Beginning at the line that contains "Ms. Nimra Mirza", transcribe the remaining lines of the listing exactly; include the final line and omit everything before.
━━━━━━━━━━━━━━━━━━━━━━━━━━━━━━
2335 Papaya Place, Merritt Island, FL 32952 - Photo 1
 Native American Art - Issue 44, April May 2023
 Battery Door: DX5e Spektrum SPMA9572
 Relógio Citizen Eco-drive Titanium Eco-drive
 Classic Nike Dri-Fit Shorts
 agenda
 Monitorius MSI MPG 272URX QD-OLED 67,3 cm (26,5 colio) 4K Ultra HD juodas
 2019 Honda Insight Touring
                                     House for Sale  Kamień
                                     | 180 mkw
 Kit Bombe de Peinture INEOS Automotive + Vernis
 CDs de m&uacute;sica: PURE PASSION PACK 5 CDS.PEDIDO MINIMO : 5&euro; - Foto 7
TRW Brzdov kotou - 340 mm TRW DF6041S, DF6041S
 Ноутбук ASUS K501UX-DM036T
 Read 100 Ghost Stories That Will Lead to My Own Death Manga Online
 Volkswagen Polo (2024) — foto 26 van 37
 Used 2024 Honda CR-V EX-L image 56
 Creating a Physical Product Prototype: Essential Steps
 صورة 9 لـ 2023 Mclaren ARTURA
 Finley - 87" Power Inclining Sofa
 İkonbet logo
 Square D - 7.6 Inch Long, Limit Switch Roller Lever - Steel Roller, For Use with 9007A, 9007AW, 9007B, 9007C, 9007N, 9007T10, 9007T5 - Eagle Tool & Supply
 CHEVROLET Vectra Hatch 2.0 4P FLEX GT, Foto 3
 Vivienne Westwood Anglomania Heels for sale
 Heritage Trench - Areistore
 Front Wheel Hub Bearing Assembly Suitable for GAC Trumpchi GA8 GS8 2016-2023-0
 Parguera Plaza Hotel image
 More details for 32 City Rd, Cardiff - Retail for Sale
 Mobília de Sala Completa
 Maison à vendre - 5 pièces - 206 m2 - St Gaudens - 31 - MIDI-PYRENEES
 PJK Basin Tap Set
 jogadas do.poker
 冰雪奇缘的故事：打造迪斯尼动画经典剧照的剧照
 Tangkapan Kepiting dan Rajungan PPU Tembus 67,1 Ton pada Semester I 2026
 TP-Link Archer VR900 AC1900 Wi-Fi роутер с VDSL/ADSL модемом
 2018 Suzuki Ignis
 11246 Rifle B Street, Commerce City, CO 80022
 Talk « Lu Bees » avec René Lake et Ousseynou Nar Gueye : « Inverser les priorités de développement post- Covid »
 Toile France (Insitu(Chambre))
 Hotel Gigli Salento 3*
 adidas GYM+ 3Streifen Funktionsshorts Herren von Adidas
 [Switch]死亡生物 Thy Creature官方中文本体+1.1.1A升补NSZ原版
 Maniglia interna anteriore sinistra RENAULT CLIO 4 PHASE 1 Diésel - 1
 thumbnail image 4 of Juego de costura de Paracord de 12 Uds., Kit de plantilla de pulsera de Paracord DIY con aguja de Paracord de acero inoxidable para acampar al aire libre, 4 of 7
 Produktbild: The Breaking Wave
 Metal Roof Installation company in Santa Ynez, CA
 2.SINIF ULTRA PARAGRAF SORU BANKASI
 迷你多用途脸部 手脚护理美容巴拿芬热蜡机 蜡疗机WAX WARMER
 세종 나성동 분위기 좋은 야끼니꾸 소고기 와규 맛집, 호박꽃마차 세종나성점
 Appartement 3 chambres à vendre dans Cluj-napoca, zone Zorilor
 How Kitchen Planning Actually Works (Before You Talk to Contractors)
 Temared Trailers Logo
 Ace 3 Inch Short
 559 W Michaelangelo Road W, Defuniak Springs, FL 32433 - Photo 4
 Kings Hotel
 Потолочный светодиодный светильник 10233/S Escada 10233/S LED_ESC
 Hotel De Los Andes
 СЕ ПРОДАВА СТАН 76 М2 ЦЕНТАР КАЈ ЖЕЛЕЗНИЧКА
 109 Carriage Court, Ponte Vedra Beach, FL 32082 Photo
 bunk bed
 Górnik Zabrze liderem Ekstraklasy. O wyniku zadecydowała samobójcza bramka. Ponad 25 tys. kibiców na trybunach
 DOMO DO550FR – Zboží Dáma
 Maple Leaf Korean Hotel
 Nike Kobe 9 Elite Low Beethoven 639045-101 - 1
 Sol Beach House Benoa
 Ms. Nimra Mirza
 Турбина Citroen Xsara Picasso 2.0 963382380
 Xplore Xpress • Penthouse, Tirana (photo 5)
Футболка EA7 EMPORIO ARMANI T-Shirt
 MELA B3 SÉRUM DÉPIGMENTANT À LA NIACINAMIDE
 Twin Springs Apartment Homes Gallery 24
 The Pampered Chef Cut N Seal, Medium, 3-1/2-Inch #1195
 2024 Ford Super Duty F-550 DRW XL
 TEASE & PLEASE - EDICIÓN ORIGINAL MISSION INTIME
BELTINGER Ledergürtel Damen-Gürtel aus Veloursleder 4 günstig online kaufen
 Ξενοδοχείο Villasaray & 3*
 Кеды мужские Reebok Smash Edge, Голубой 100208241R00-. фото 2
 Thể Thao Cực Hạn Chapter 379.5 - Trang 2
━━━━━━━━━━━━━━━━━━━━━━━━━━━━━━
REPLY »
 Ms. Nimra Mirza
 Турбина Citroen Xsara Picasso 2.0 963382380
 Xplore Xpress • Penthouse, Tirana (photo 5)
Футболка EA7 EMPORIO ARMANI T-Shirt
 MELA B3 SÉRUM DÉPIGMENTANT À LA NIACINAMIDE
 Twin Springs Apartment Homes Gallery 24
 The Pampered Chef Cut N Seal, Medium, 3-1/2-Inch #1195
 2024 Ford Super Duty F-550 DRW XL
 TEASE & PLEASE - EDICIÓN ORIGINAL MISSION INTIME
BELTINGER Ledergürtel Damen-Gürtel aus Veloursleder 4 günstig online kaufen
 Ξενοδοχείο Villasaray & 3*
 Кеды мужские Reebok Smash Edge, Голубой 100208241R00-. фото 2
 Thể Thao Cực Hạn Chapter 379.5 - Trang 2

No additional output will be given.